Suddenly I receive a new and rare one star rating. The rating goes like this:
“User123: I waiting the product to arrive, can’t wait to see it. When it arrives I will update the rating”
This is not uncommon. A good proportion of ratings happen without any correlation to the meaning of the rating labels. Sometimes someone miss click, and sometimes the user is completely stupid and does unexpected things. A user may say that some content is unreliable while being factually incorrect.
One thing that could work is that if enough people clicked on ‘dispute button’ to dispute the rating given from some user, the data from that user would be considered “noise” until some debate was settled. Or we could just change the weight of his input. Maybe the user has to provide some explanation for his deviant input and his input weight would go back to normal. Otherwise few trolls could destroy the system by creating bots to steer the rating system to his preference. But it would be harder for him to justify each instance, and a user with a high proportion of ratings being disputed should raise a red flag.
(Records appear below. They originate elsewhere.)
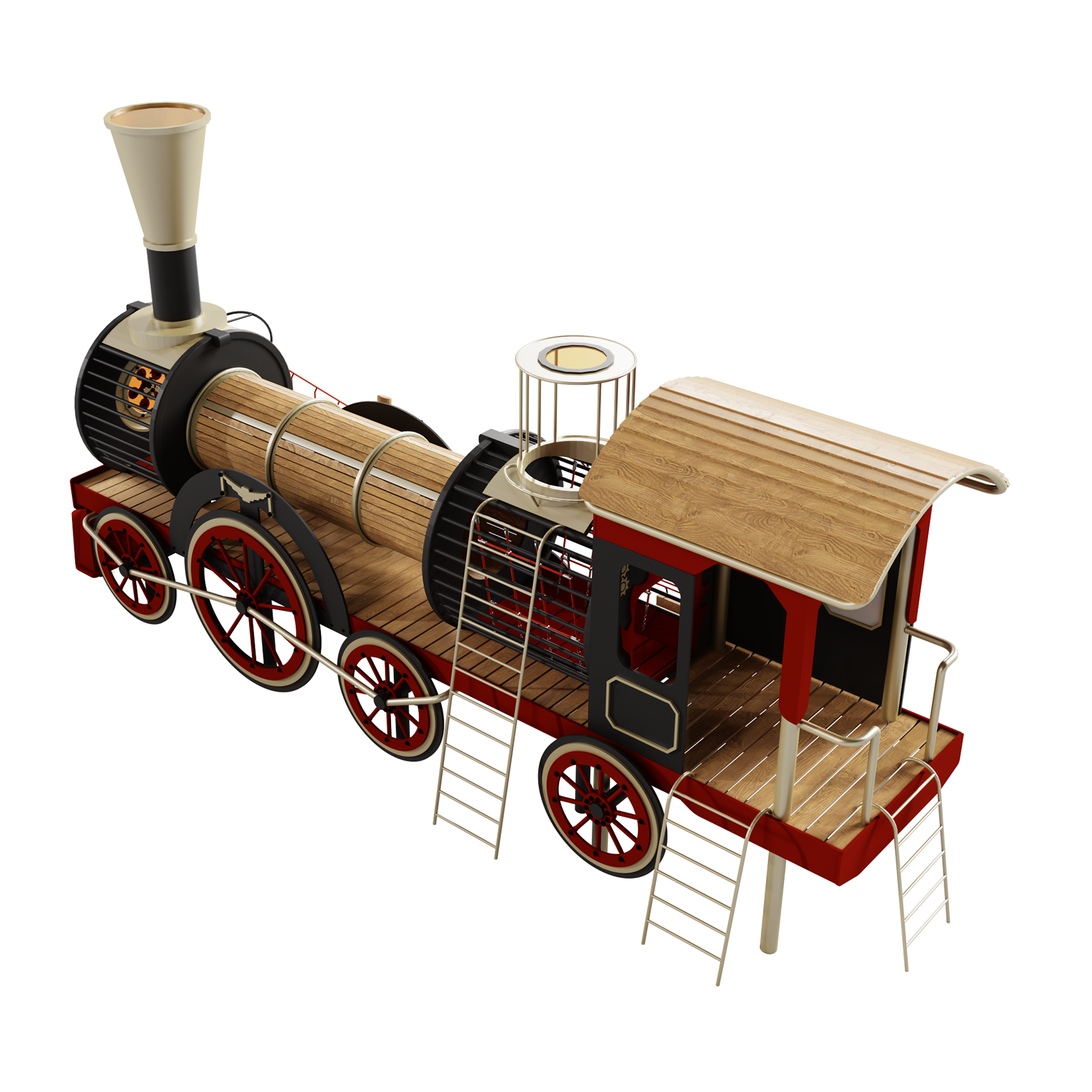 Игровой комплекс Локомотив ELMAF ИК7805
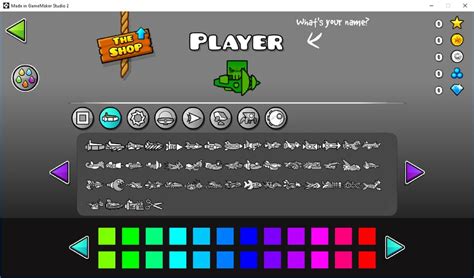 game jolt geometry dash.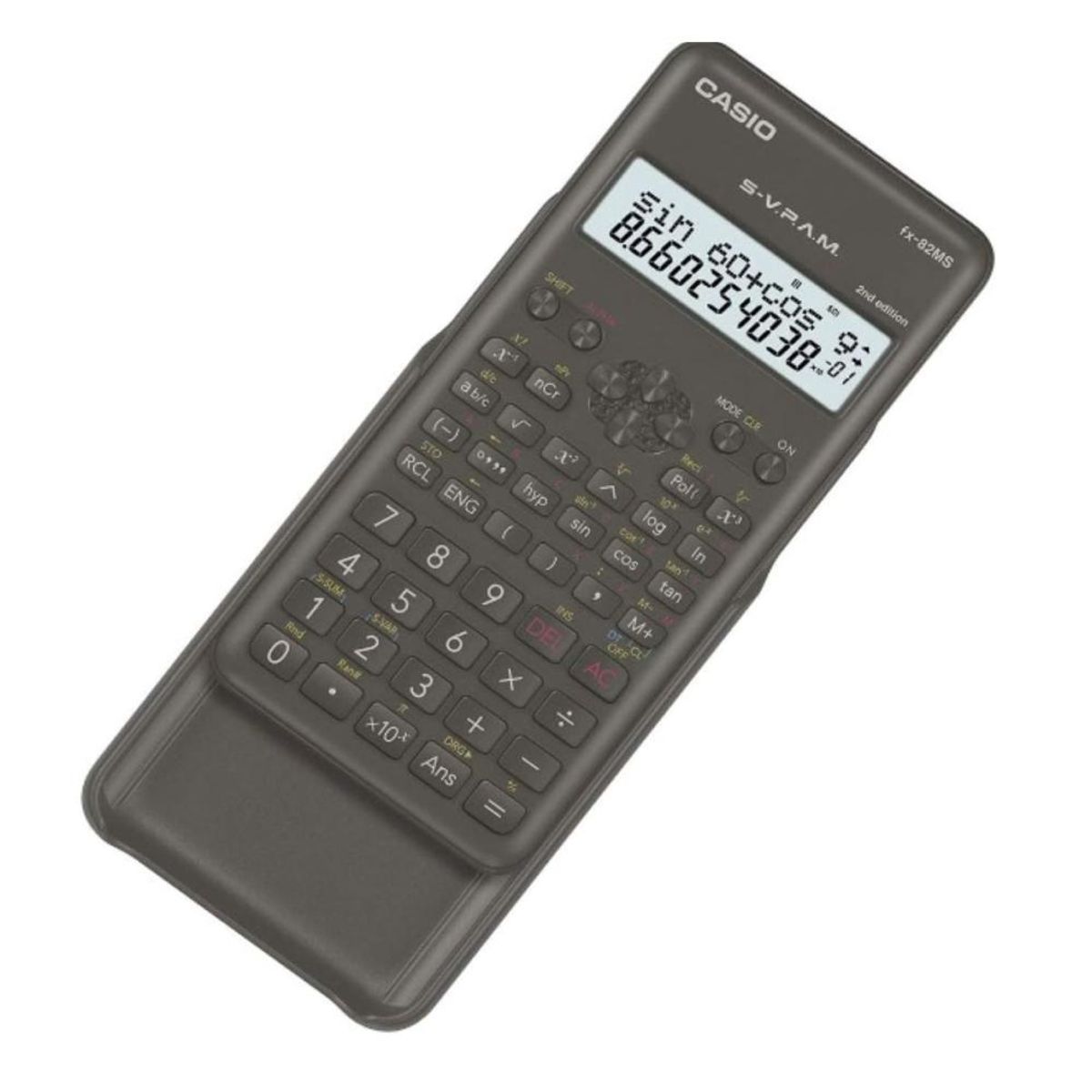 CASIO - Calculadora Fx-350ms-2 Cientifica - Gris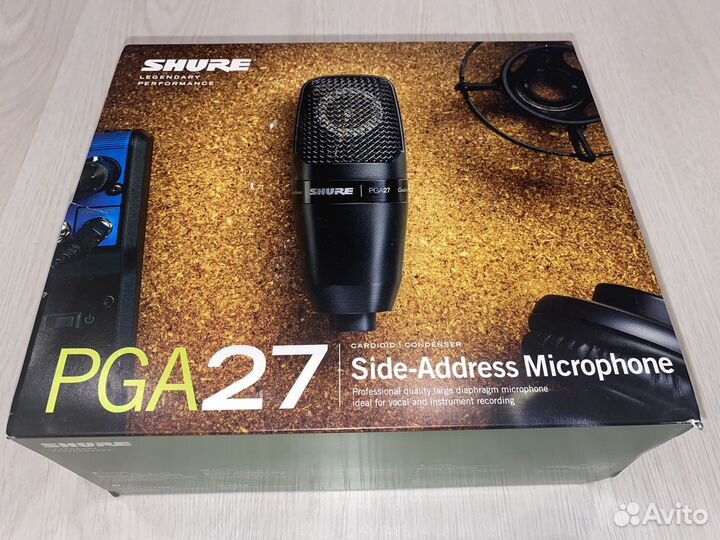 Новый микрофон Shure PGA27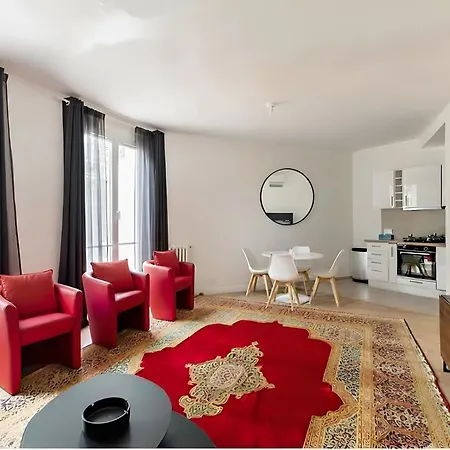 Trocadero - Elegant 1br - Sleeps 5 Апартаменты Париж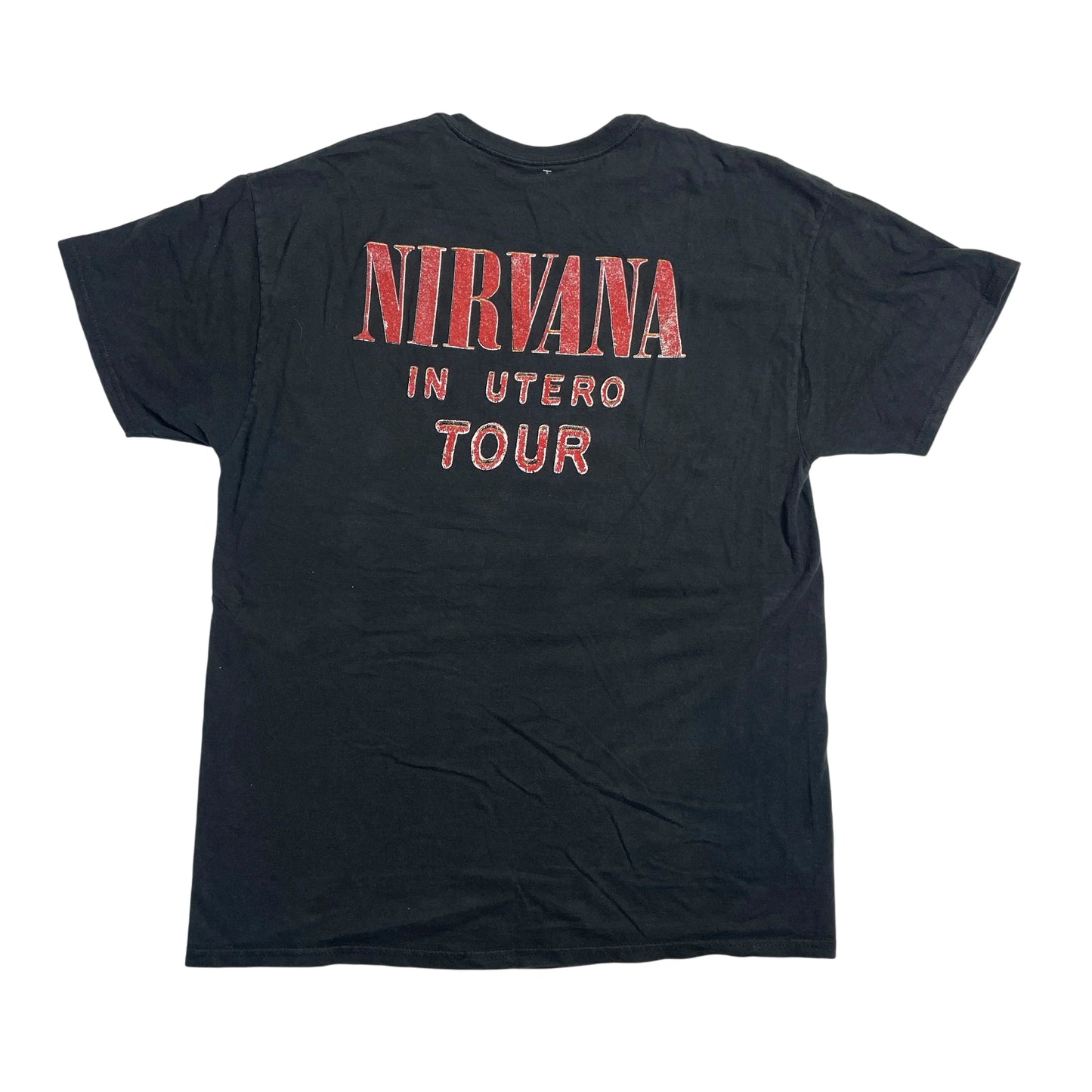 Vintage Nirvana Black T-shirt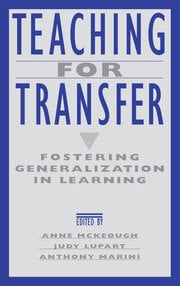 Teaching for Transfer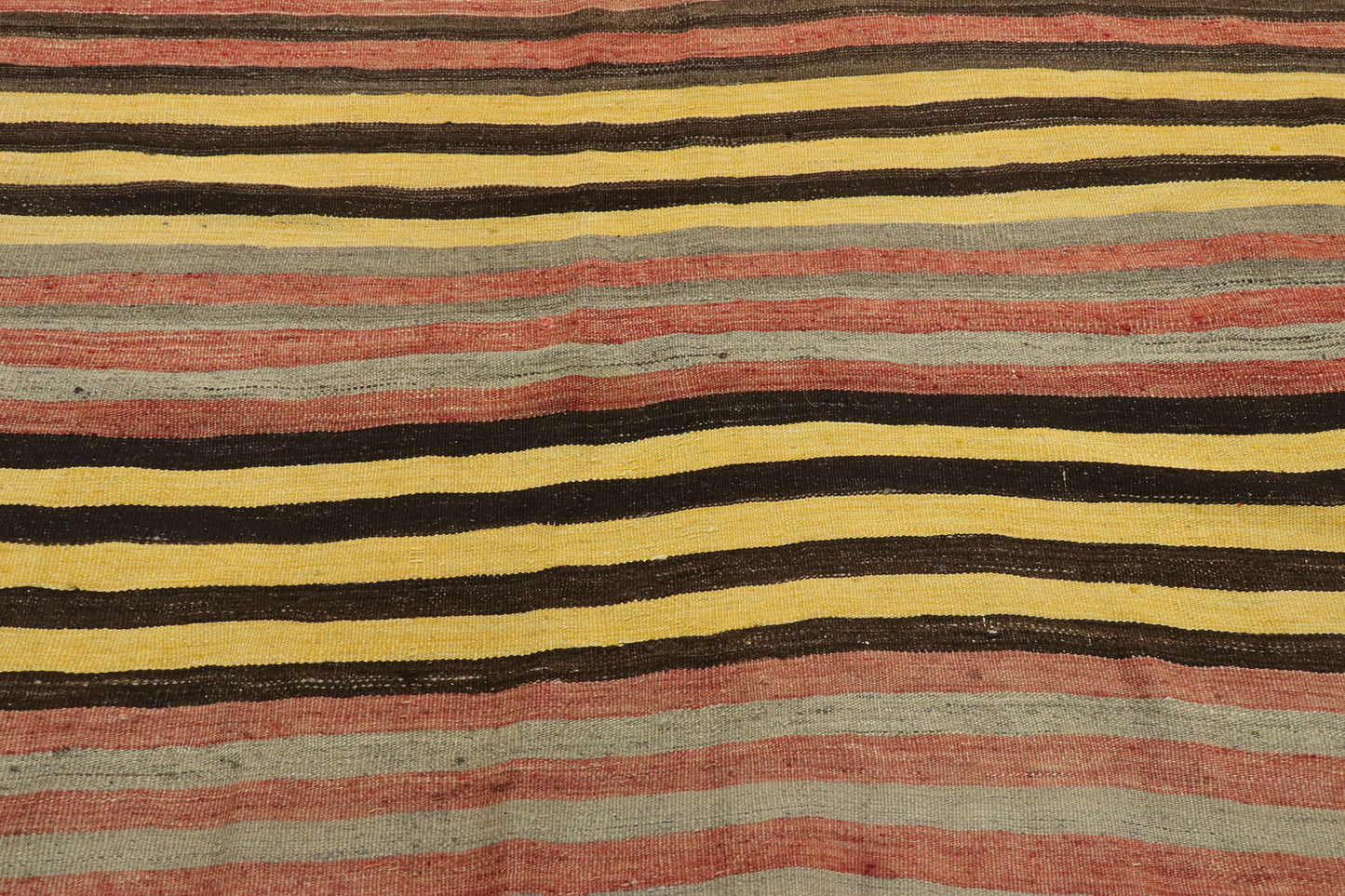 5 x 12 Vintage Turkish Kilim Rug 53116
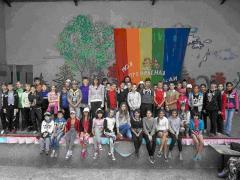 Для ребят из лагеря «Заря» в Рубежном провели квест «Мир профессий»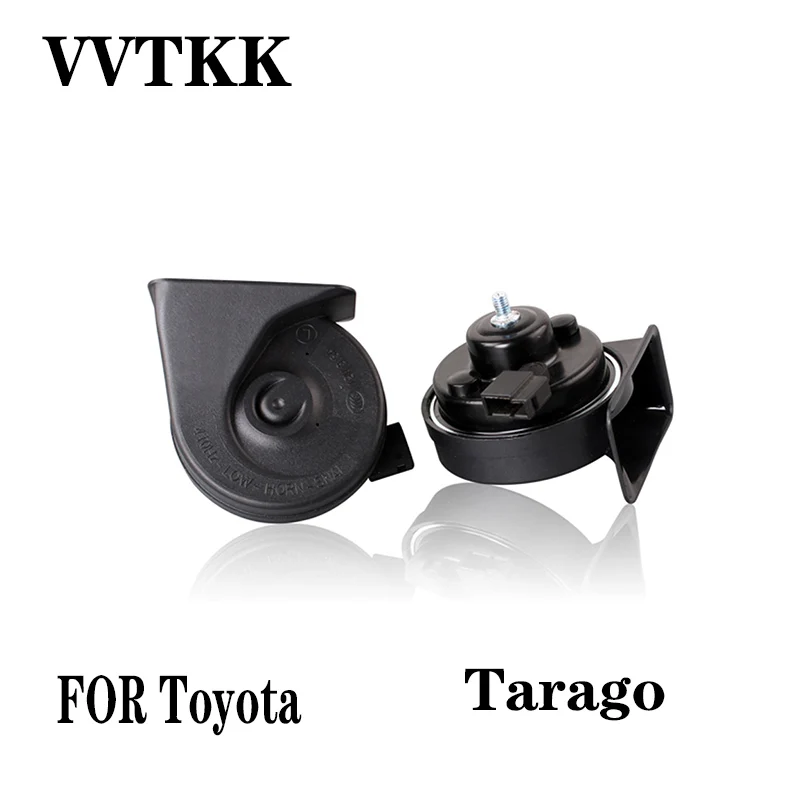 

VVTKK 2019 for Toyota Tarago Multi-tone & Claxon Horns Loud Car Klaxon Horn 12V 110db Waterproof Snail Motorcycle Horn Siren 3C
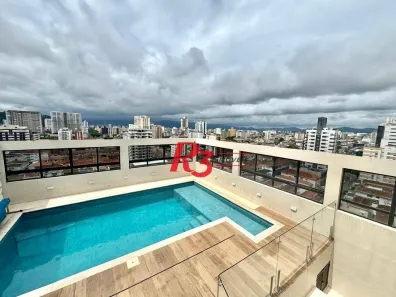 Cobertura com 4 Quartos à venda, 418m² no Boqueirão, Santos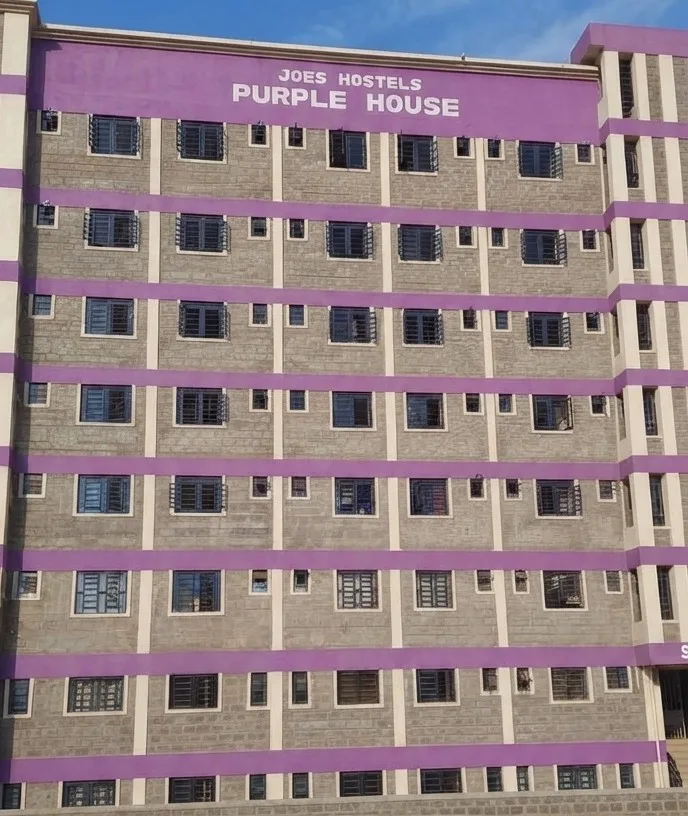  PURPLE HOUSE — student hostel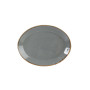 Porland Seasons Dark Gray Блюдо овальне 360 мм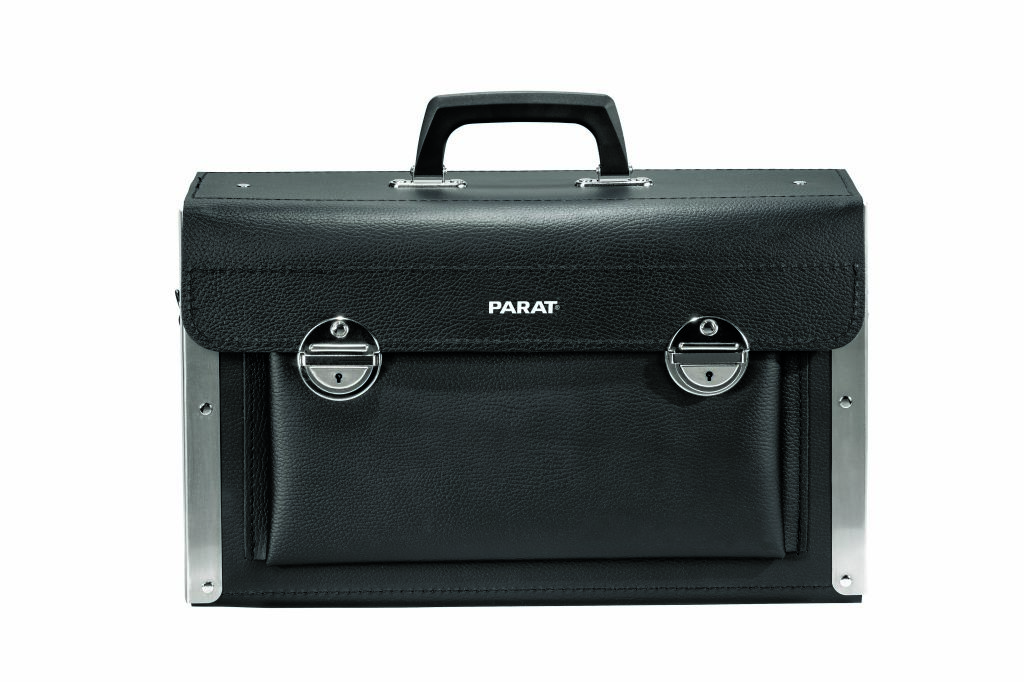 Bolsa universal de couro Parat 5.363.000.031 New Classic, dimensões 420 x 160 x 250 mm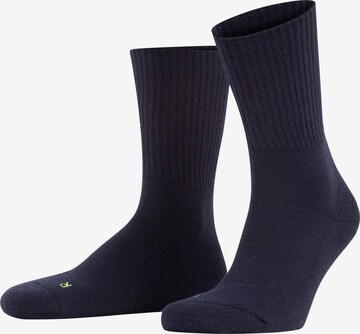 FALKE Socken 'Walkie Light' in Blau: Vorderseite
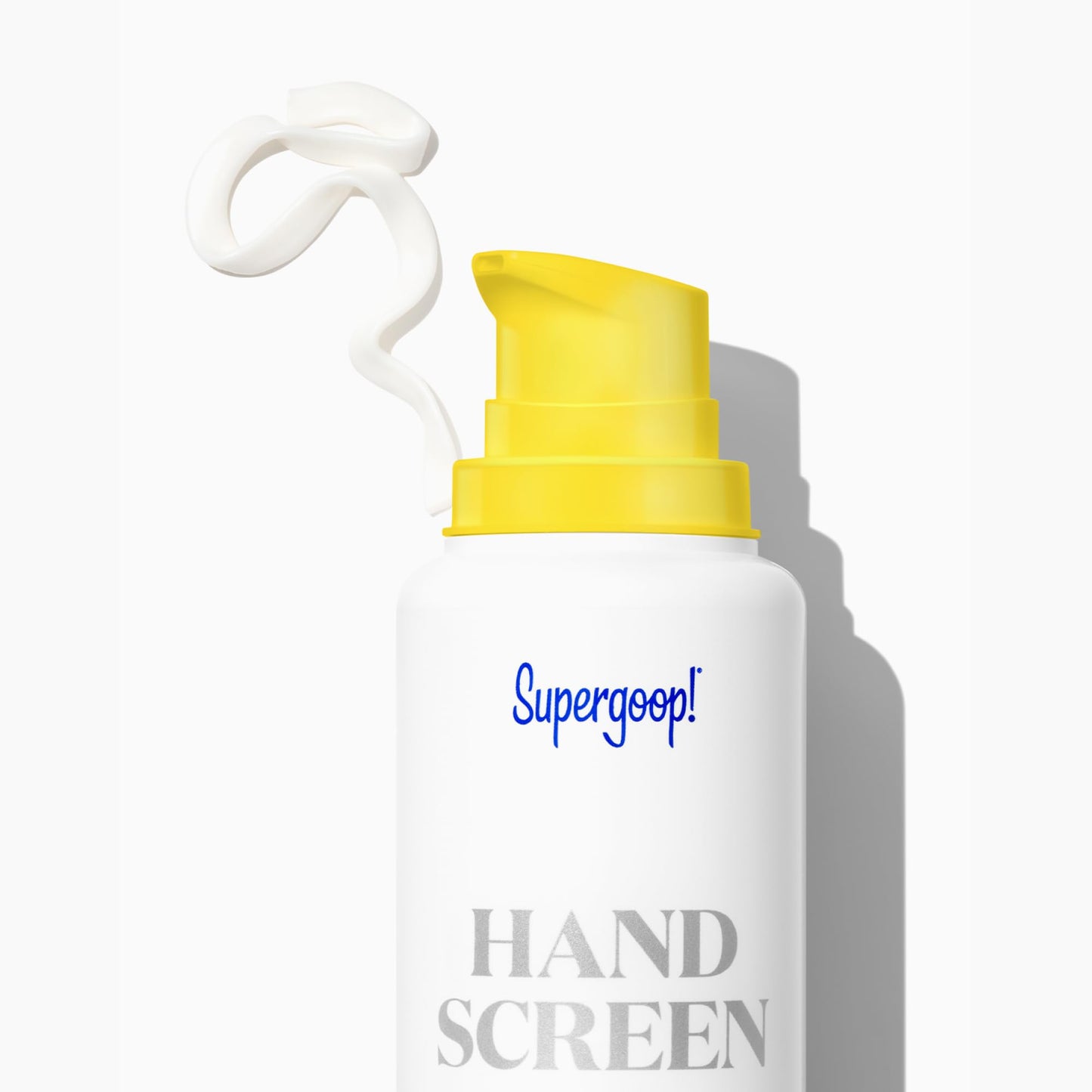 Supergoop! Handscreen SPF 40, 6.76 fl oz - Preventative, SPF Hand Cream For Dry Cracked Hands - Fast-Absorbing, Clean ingredients, Non-Greasy Formula - With Sea Buckthorn, Antioxidants & Natural Oils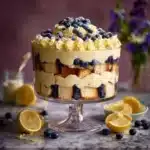 Lemon Blueberry Trifle Recipe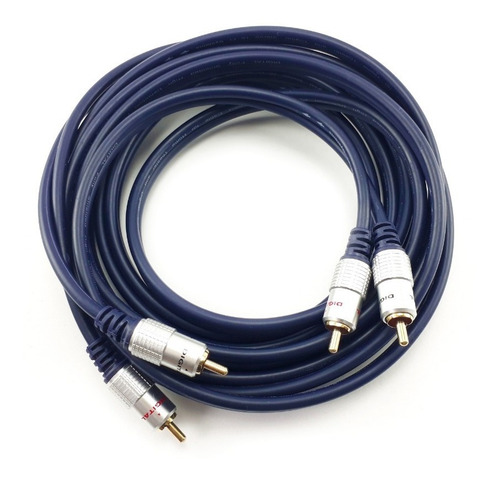 Cable De Audio Rca 2x2 Rojo Blanco 90cms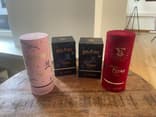 Harry Potter Parfums auf einem Tisch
On the UI provided on the white paper I can see 5 horizontal sliders. Maybe we could add optional explanations for the user to clarify why he gives “1 star importance” for this video about “very important topic”. Users that give explanations for their ratings should have higher weights than users that do not provide any explanation. Maybe I could give a like on the rating+explanation from another user, updating my view on the platform and the final weight of his rating.
Thanks for the interesting comment. Perhaps to clarify, our current algorithms are by no means a final solution. In fact, our hope is to collect an interesting database to then encourage research on better algorithms that will factor, e.g., the comments on the videos.
Also, in the “settings” of the rating page, we have a functionality that allows contributors to input both their judgments and their confidence in their judgments, on a scale from 0 to 3 stars (default is 2). One idea could be to demand comments when the contributor claims a 3-star confidence judgment. This can allow disputes in the comment section.
How significant of a limitation would it be that a YouTube AI can’t recursively improve its own architecture?
How significant of a limitation would it be that it can only recommend existing videos rather than create its own?
I guess that depends on whether you believe that AIs like GPT-3 are evidence for short timelines and that GPT-N might be an AGI. If you do, I don’t see the lack of self-improvement as a big limitation; if you don’t, maybe because you believe recursive self-improvement is needed, then obviously that’s a big limitation.
Personally I do think the GPTs models are evidence that recursive self-improvement is not necessarily needed for AGI, but I’m interested in counter arguments.
I initially believed that to be a massive limitation. But Lê pointed out that with so much content already there and so much additional content added each hour, “the closest YouTube video” to what you want is probably quite close, if you want something broad enough (A query like “someone arguing against Thomas Kuhn” instead of “A frame like that, then a frame like that, then...”)
For a takeoff scenario, though, I would think you need something like human AI researchers using the recommendation algorithm to help them design a more general AI, and I’m not sure how much content would be relevant to that.